In 2025, precious metal prices rose sharply, with the price of silver recently surging above 80 dollars per ounce.
Naturally, every time precious metals rise, the same group of commentators appears to proclaim that a financial collapse is underway.
Articles such as those published in financial media by commentators argue that such price movements signal far more than a simple market rally.
They claim that we are in the early stages of the collapse of fiat currencies and a systemic crash.
These narratives are often based on the assumption that sharp rises in precious metals reflect a mass flight from fiat currencies toward real money.
They argue that this behavior foreshadows delivery defaults in futures contracts, a collapse of confidence in exchanges and ultimately a repricing of metals at extreme valuations, such as 200 dollars for silver and 10,000 dollars for gold.

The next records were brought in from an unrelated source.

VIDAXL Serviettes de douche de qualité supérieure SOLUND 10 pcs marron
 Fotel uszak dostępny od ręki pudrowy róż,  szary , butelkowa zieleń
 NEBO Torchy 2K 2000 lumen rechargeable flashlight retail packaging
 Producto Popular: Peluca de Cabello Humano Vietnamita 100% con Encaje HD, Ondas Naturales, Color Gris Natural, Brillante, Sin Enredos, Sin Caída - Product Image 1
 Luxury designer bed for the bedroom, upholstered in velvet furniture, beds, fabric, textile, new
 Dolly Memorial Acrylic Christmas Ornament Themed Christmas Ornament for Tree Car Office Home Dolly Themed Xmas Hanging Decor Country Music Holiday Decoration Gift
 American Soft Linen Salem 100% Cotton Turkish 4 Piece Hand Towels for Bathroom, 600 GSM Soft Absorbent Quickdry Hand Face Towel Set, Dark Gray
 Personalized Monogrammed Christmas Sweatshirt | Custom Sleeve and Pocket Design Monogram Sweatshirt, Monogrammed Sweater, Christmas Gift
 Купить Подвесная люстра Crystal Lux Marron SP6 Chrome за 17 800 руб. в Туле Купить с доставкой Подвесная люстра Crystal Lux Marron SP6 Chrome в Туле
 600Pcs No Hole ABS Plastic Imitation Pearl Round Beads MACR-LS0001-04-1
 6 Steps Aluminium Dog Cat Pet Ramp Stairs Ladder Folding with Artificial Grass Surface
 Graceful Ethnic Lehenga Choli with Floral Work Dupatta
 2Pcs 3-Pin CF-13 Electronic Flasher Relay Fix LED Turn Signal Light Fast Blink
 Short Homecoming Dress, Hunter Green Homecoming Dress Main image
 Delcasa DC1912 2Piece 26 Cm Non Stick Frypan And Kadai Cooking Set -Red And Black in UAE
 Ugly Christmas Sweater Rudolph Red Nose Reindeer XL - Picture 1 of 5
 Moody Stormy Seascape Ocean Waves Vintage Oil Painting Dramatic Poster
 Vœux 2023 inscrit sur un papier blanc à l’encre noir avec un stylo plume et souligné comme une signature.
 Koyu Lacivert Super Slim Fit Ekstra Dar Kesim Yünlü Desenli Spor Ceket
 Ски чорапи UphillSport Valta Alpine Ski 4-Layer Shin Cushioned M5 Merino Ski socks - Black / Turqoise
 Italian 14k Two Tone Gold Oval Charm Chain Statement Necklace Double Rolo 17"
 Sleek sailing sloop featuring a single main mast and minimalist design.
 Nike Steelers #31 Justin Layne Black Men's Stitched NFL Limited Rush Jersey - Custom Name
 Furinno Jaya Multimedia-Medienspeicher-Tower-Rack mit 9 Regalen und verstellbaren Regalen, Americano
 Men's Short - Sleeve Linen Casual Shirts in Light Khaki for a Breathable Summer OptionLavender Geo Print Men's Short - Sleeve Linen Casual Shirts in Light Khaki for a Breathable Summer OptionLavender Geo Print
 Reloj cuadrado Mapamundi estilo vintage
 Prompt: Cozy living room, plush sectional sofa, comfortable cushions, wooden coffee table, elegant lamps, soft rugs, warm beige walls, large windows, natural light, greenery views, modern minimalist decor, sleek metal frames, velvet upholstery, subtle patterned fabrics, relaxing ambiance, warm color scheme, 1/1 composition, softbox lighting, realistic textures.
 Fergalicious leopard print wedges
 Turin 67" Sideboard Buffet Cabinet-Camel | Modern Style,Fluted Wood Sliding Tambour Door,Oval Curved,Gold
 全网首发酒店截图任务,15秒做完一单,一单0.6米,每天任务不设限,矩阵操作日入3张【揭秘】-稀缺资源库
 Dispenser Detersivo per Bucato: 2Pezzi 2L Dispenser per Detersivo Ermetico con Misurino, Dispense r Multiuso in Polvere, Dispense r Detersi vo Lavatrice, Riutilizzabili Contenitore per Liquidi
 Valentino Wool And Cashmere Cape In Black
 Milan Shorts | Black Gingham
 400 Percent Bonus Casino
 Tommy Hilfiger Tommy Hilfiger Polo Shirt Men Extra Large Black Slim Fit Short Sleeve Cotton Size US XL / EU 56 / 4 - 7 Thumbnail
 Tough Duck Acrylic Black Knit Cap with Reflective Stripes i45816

However, the data behind these dramatic forecasts do not support the narrative, but only part of it.
For example, the World Gold Council reported in Q2 2025 that total gold demand reached 1.249 tons, up 7% year on year, while mining production increased only marginally.

This is a supply problem
Silver also recorded stronger industrial and investment demand, such as in EVs and photovoltaics, but according to the Parkview Group, demand in green energy applications, not retail market stockpiles, remains the primary driver of prices.
The critical point here is that these movements are significant, but they are not unprecedented, at least so far.
What commodity pricing depends on
It is a function of supply and demand in commodity markets.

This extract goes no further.